Autre élément important de cette convention, le comité de pilotage réunissant les 4 ministres, leurs administrations et les 4 sociétés de transport a quelques difficultés à se réunir et en tout cas, il ne parvient pas à se mettre d’accord sur le schéma d’exploitation : combien de lignes, quelle fréquence, quelles gares … ? Or pour Bruxelles , ce dernier point est essentiel : depuis le début , la Région demande que le RER constitue une nouvelle offre de mobilité intra-bruxelloise en plus de son rôle en faveur de la navette. Et pour cela, aux 31 gares existantes Bruxelles demande d’en ajouter une petite dizaine : Erasme, Moensberg, Exposition, Cage aux Ours, Rogier, Saint Josse , Petite Île ou Cureghem, Ceria, Wielemans, De Trooz, Lycée Français.

À titre d’exemple, la possibilité technique de réaliser une halte «Cage aux Ours» située entre la chaussé de Haecht et le Place Verboeckhoven a été démontrée, ce qui n’empêche  pas l’exploitation de la SNCB de la refuser pour des questions de capacité de la ligne. Or dans les études visant à identifier les gares ayant le plus de potentiel de fréquentation, la Cage aux Ours arrive en tête !

Dernier élément de la convention de 2003 : les fameuses mesures d’accompagnement. Ici encore Bruxelles y a intérêt parce qu’il a été démontré que le RER allait accélérer le mouvement actuel d’exode urbain vers Flandre et Wallonie (plus de 10.000 personnes par an).  Les mesures à prendre par chacune des 3 Régions demandent un certain courage politique. Elles concernent des actions sur le coût du déplacement, la politique de stationnement et en particulier sa limitation dans les quartiers de bureaux et enfin et surtout la réduction de la capacité routière simultanément à l’augmentation de la capacité ferroviaire. Sur ce dernier point, on est forcé de constater que c’est  la direction opposée qui est prise avec l’élargissement du Ring 0 décidé par la Flandre. A part, cela les mesures d’accompagnement semblent aux abonnés absents.

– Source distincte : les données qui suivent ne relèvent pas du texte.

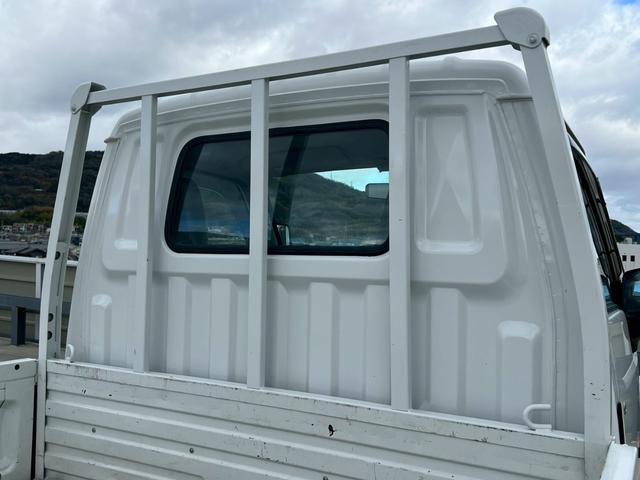 ボンゴトラック ＤＸ　ユーザー買取／４ＷＤ／コラムオートマ／パワステ／エアコン／両側エアバック／ＡＢＳ（34枚目）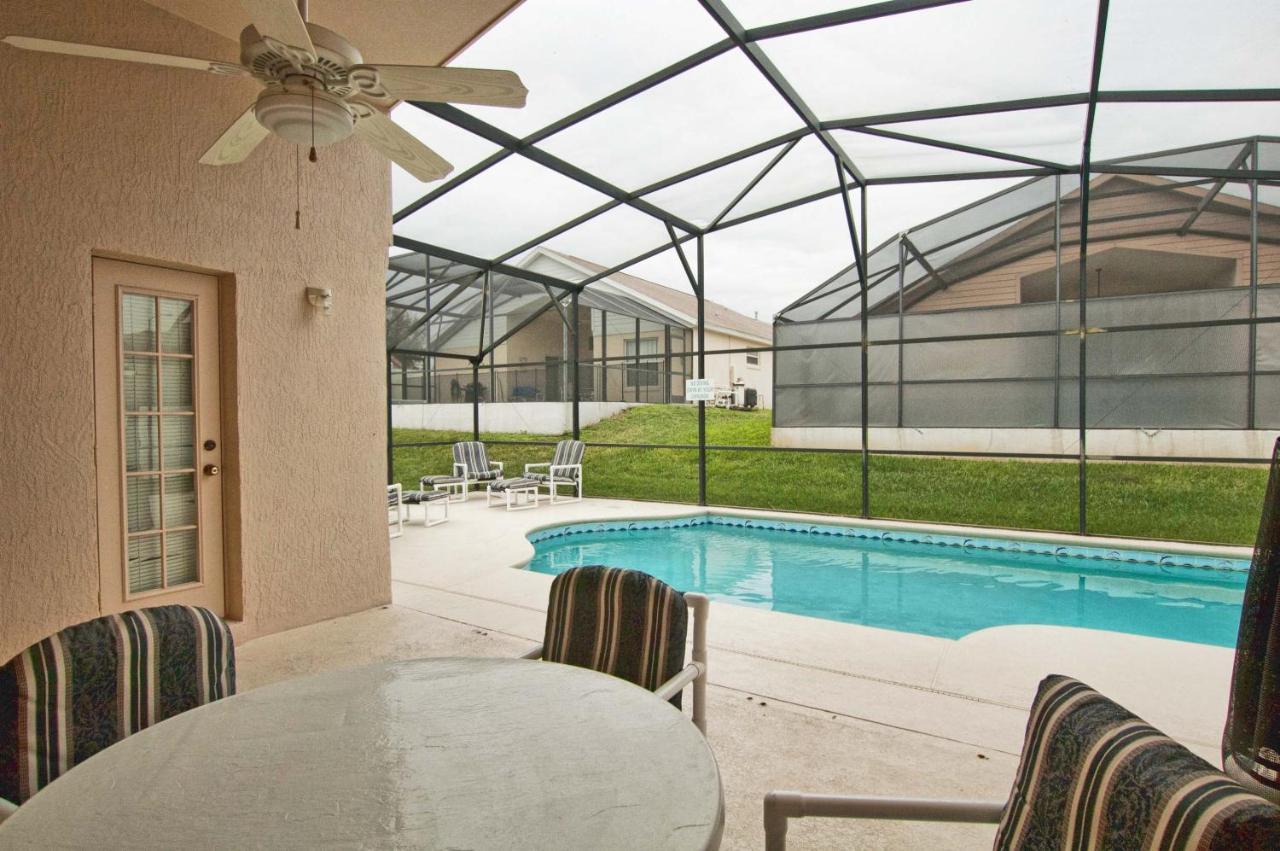 Indian Creek- 5 Bedroom Pool Home- 2303Ic Orlando Eksteriør bilde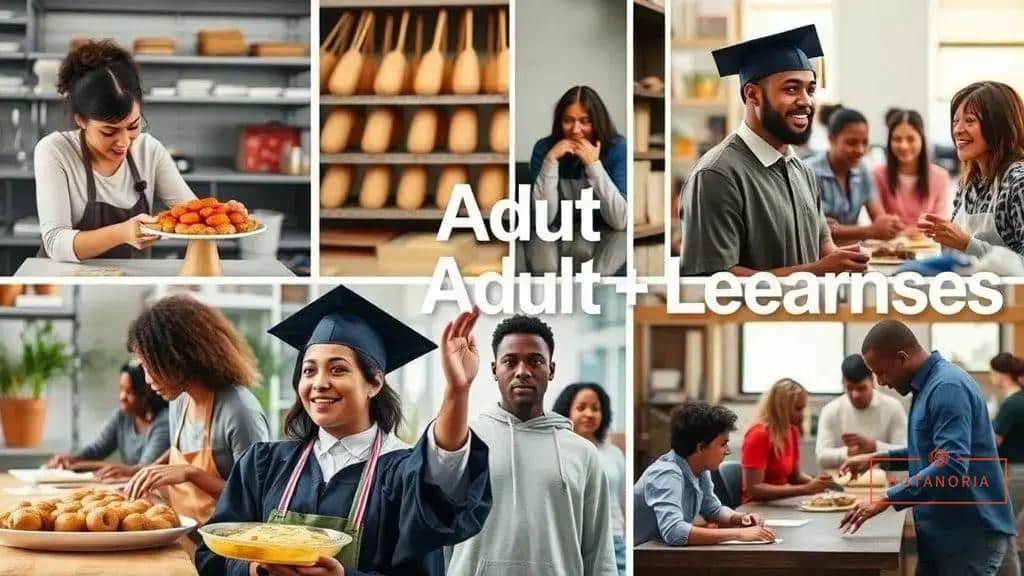 Success stories from adult learning centre alumni Success stories from adult learning centre alumni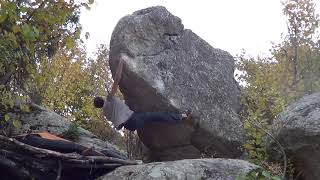 Video thumbnail: Compression, 8a (sit). Targasonne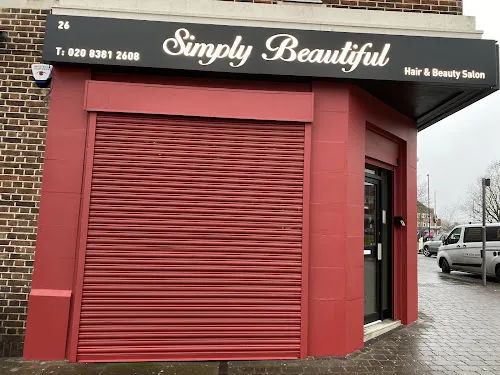 4 - Simply Beautiful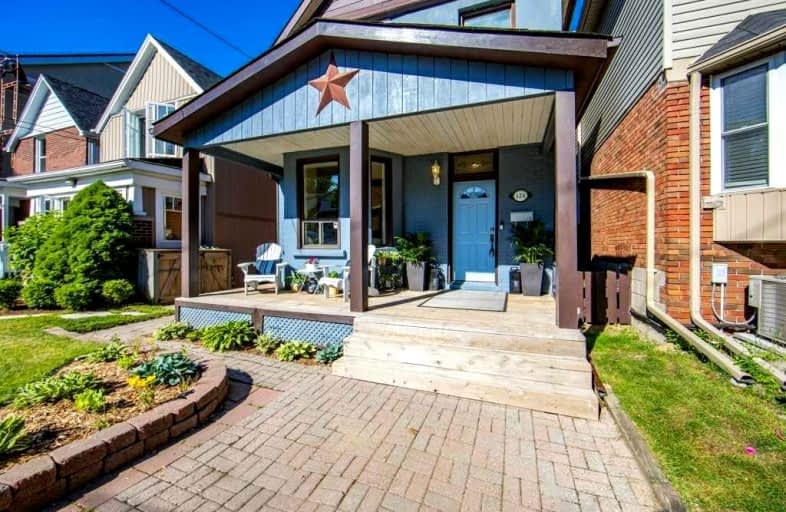 124 Hannaford Street, Toronto | Image 1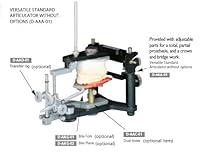 Algopix Similar Product 1 - Versatile Dental Articulator
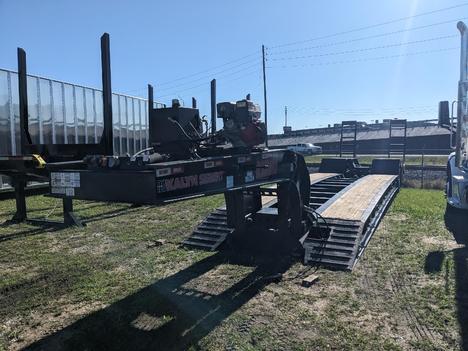 USED 2023 KALYN-SIEBERT 35 TON LOWBOY TRAILER #3559-2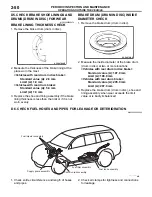 Предварительный просмотр 78 страницы Mitsubishi Pajero Sport 2013 Inspection And Maintenance Manual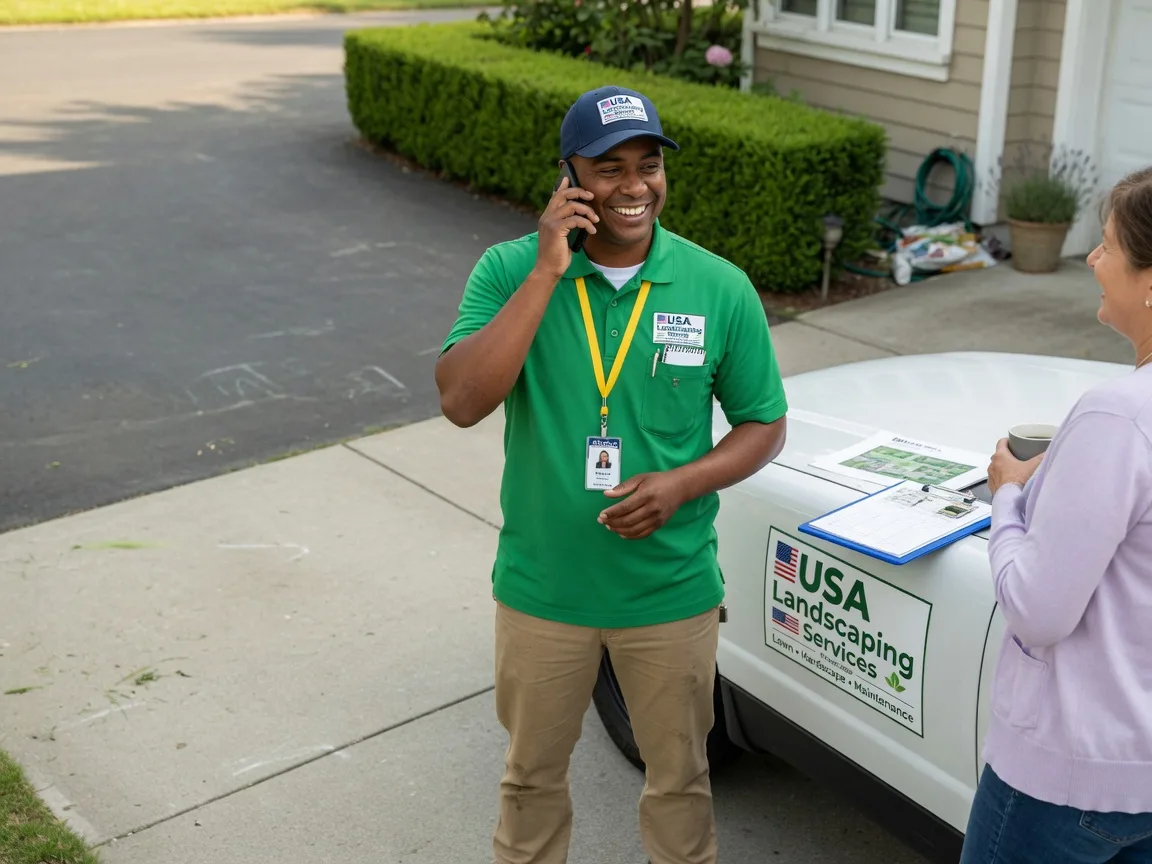 Lawn Care Man, WV FAQs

Bruxelles attend du RER une réduction de la pression automobile

La conclusion de tout cela est que le dossier du RER reste très complexe et surtout que les parties en présence ont des intérêts divergents, voire opposés.
Ce qui compte pour la Flandre et la Wallonie c’est d’améliorer l’accès au bassin d’emploi bruxellois pour leurs navetteurs, et sans doute aussi de profiter du RER pour étendre sur leur territoire la zone métropolitaine. Bruxelles attend du RER une réduction de la pression automobile et une nouvelle offre interne de mobilité qui, par les arrêts engendrés, réduit l’attractivité du RER pour les navetteurs flamands et wallons, d’où conflit. Bruxelles demande aussi que les mesures visant à maîtriser l’exode de population vers la périphérie soient effectives, ce qui n’est sans doute pas une priorité pour les 2 autres Régions, bien au contraire quand on se réfère aux mécanisme de financement des Régions. Enfin, ce qui divise encore c’est la prise en charge des frais d’exploitation de cette offre nouvelle. Les trains S (et L) répondent déjà partiellement au service RER ; ce qui doit donc être comptabilisé c’est l’offre supplémentaire, soit environ le double de trains-km actuellement prestés. Les estimations varient, mais il s’agit de plusieurs dizaines de millions d’euros chaque année pour l’ensemble des lignes. Où les trouver ?

Dans ces conditions, pourquoi ne pas réfléchir à un scénario courant en France par exemple ? La Région prend son RER en main, à commencer par les parties qui l’intéressent au premier chef : le service urbain, appelé aussi Réseau express bruxellois ou REB. Il est fort à parier que les deux autres Régions concernées par un accès à Bruxelles rejoindront le mouvement. Une société publique quadripartite gérerait ce réseau. Il serait logique que les budgets alloués au service S soient transférés aux Régions qui intègreraient ce service dans leur offre RER. Le reste du financement reviendrait au Fédéral.

La Région bruxelloise devrait avoir l’audace de lancer sans tarder une étude sérieuse de ce scénario pour en évaluer la faisabilité et qu’elle développe une expertise interne et surtout une vision issue d’un large débat public. Un beau débat en perspective et une manifestation de l’ambition de prendre réellement la mobilité en main!